The Museum Archaeological Institute of Kashihara

奈良県立橿原考古学研究所

The rather awkwardly named in English, The Museum Archaeological Institute of Kashihara Nara Prefecture is located just opposite the Emperor Jinmu Mausoleum and the Emperor Suizei Mausoleum and a little way to the north of Kashihara Jingu.

The Museum Archaeological Institute of Kashihara.


This archaeological museum exhibits artifacts unearthed from Yamato sites in Nara Prefecture. The museum's three galleries exhibit artifacts from Japan's early history through to the Muromachi Period which have been excavated in Nara Prefecture.

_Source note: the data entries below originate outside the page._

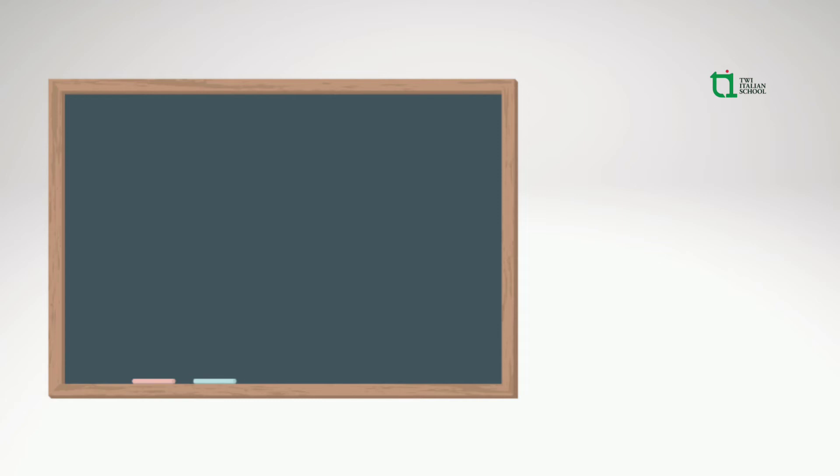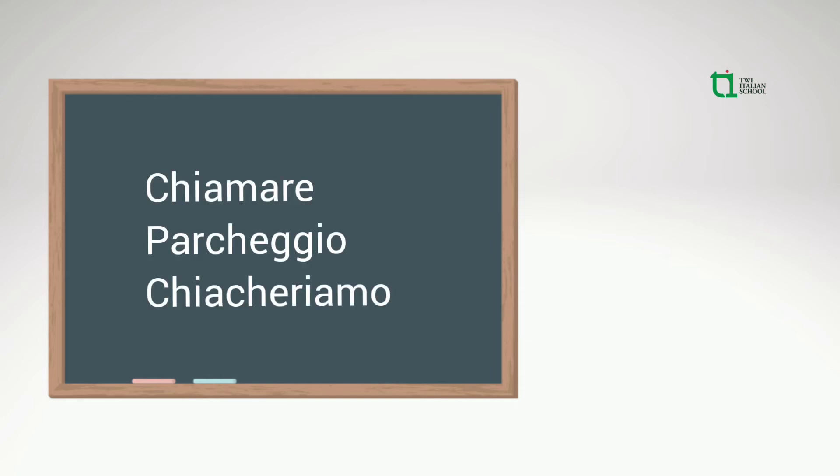Now we're going to talk about when the letter H comes with CH or GH. When it comes with these letters, it has a hard sound, suono duro. In fact,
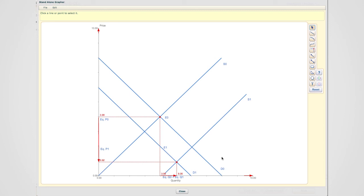In the minivan problem, it is the equilibrium quantity that is undetermined. The effect on equilibrium price is determined and clear.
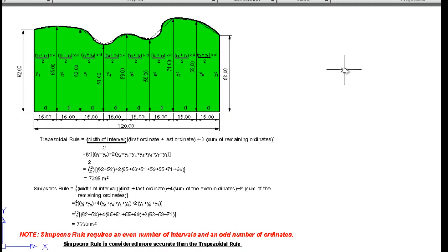Working that out gives us 7330 square meters, which is a little different to the trapezoidal rule and, according to experts, is more accurate. It's important to note that when using Simpson's rule it requires an even number of intervals and an odd number of ordinates. If you have an odd number of intervals and therefore an even number of ordinates, you cannot use Simpson's rule.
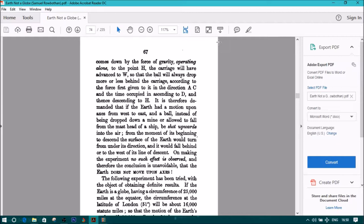On making the experiment, no such effort is observed, and therefore the conclusion is unavoidable, that the earth does not move upon axis.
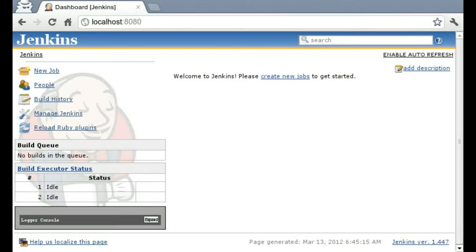Hello there. I'm going to show you a quick demonstration of the Vagrant plugin for Jenkins.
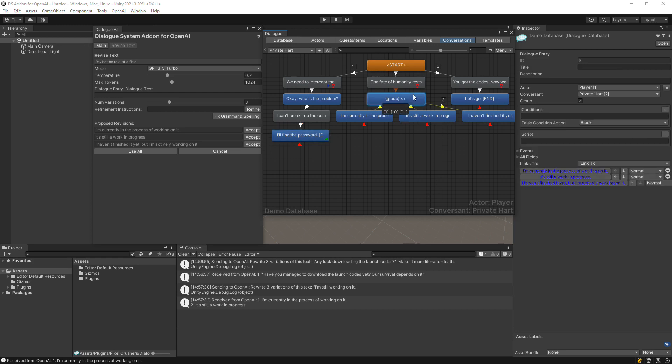If this is an NPC entry, the group node's script will be set to RandomizeNextEntry so the NPC will randomly choose from the variations at runtime. In the next video, we'll use the add-on to translate localization fields to other languages.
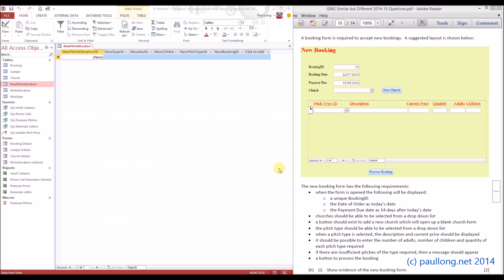This is part one, following method one. In the last tutorial you created the new picture allocation table, which is where we're going to store the data from this subform. What we now need to do is create a form that will include this table for the subform, link it to the booking, and add in one required field — the booking ID field.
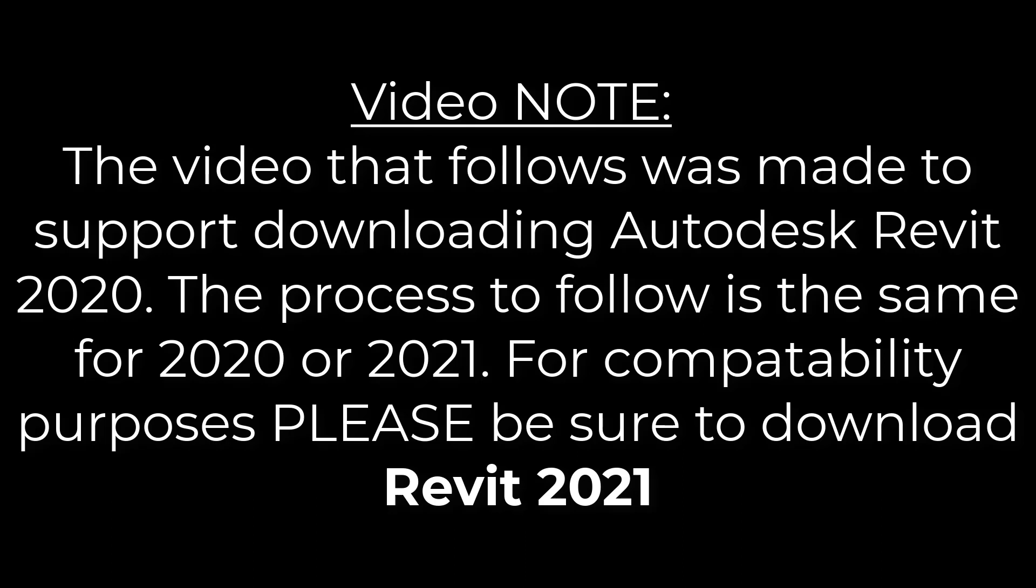Note to content of this video. This video and the information that follows were recorded to download Revit 2020. This video is the same process to follow for Revit 2021. Please make a note of the change and download Revit 2021.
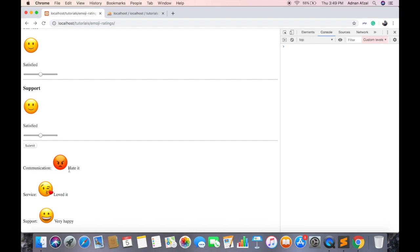So that's how you can show multiple emojis for feedback and get feedback about different things from users. Save them in database and display them on admin side. If you face any issue, feel free to ask in the comments section below.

The Museum Archaeological Institute of Kashihara.

The large collection includes pottery from the Jomon period, dotoku bells, later bronze arrowheads and bronze disks, distinctive canes with jasper end caps, magatama or comma shaped pendants, bronze mirrors as well as gilt bronze crowns and saddles found in tombs in the Asuka area. From the still later Asuka period there are also tea kettles, chess pieces, Buddhist images and various roof tiles.

The Museum Archaeological Institute of Kashihara.


The Museum Archaeological Institute of Kashihara
1 Unebicho
Kashihara, Nara Prefecture 634-0065
Tel: 0744 24 1101
Hours: 9am-5pm
Admission: 400 yen for adults or presently free for foreign visitors with a passport.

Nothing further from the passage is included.